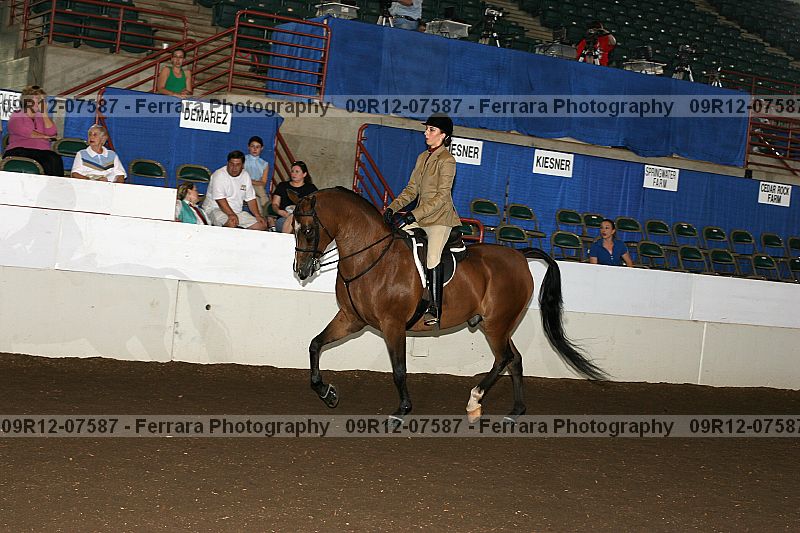 Proof 09r12-07587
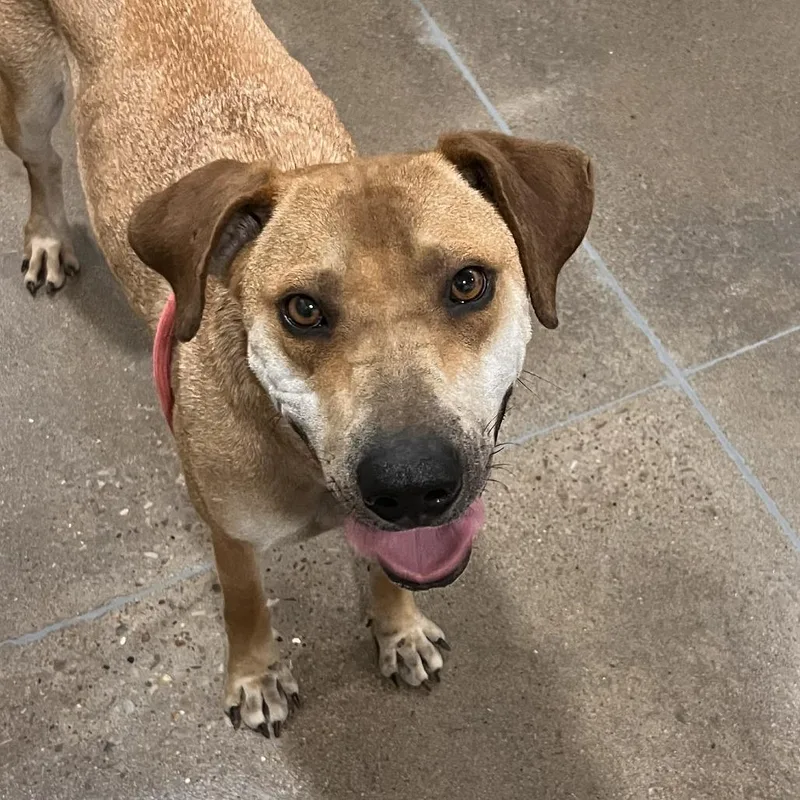 An adult large-sized female Red / Chestnut / Orange Rhodesian Ridgeback dog named Buttercup for adoption in Washburn, MO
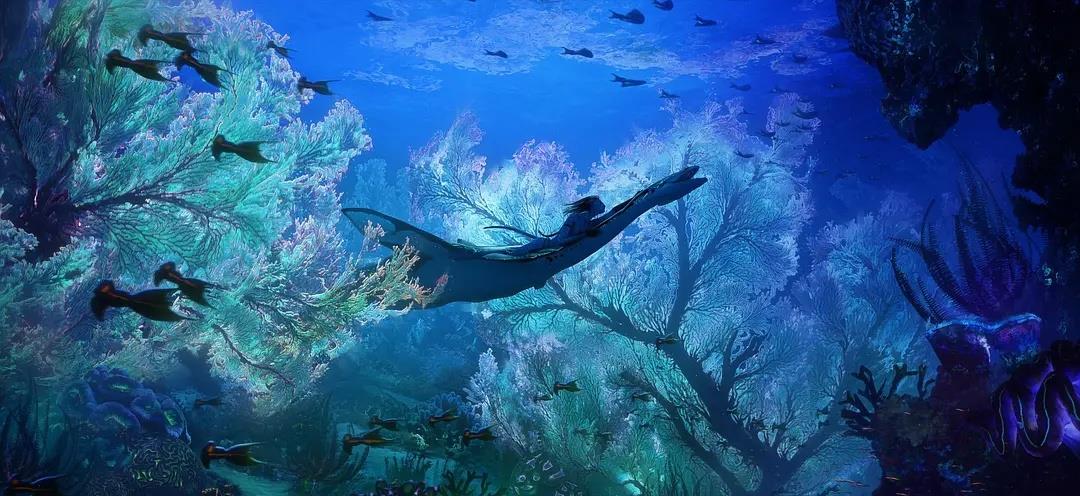 海王2|《海王2》与《阿凡达2》同日争票房，你会选择先看哪部？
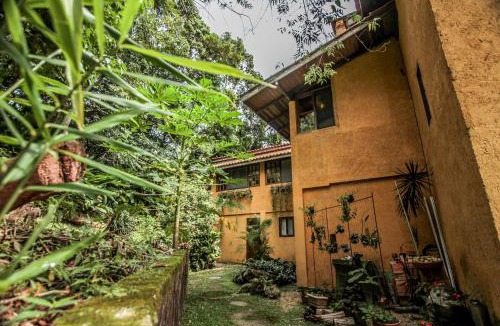 Florianopolis Apartment | Entre a Lagoa e o Mar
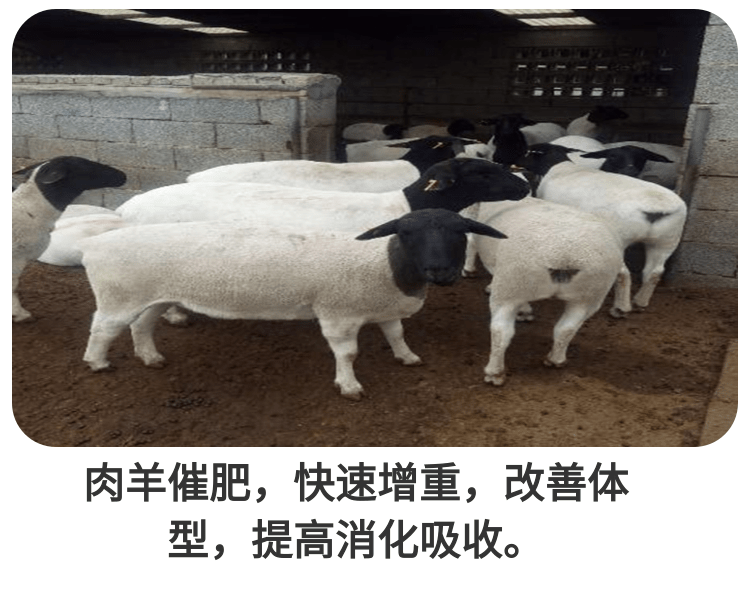 饲美佳的牛羊催肥剂能有什么效果？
· · · · ·
Task requirements: Each entry is to be written out again word for word, and any pictures are to be omitted.

Output for this task:
 Proof 09r12-07587
 An adult large-sized female Red / Chestnut / Orange Rhodesian Ridgeback dog named Buttercup for adoption in Washburn, MO
 海王2|《海王2》与《阿凡达2》同日争票房，你会选择先看哪部？
 Florianopolis Apartment | Entre a Lagoa e o Mar
 饲美佳的牛羊催肥剂能有什么效果？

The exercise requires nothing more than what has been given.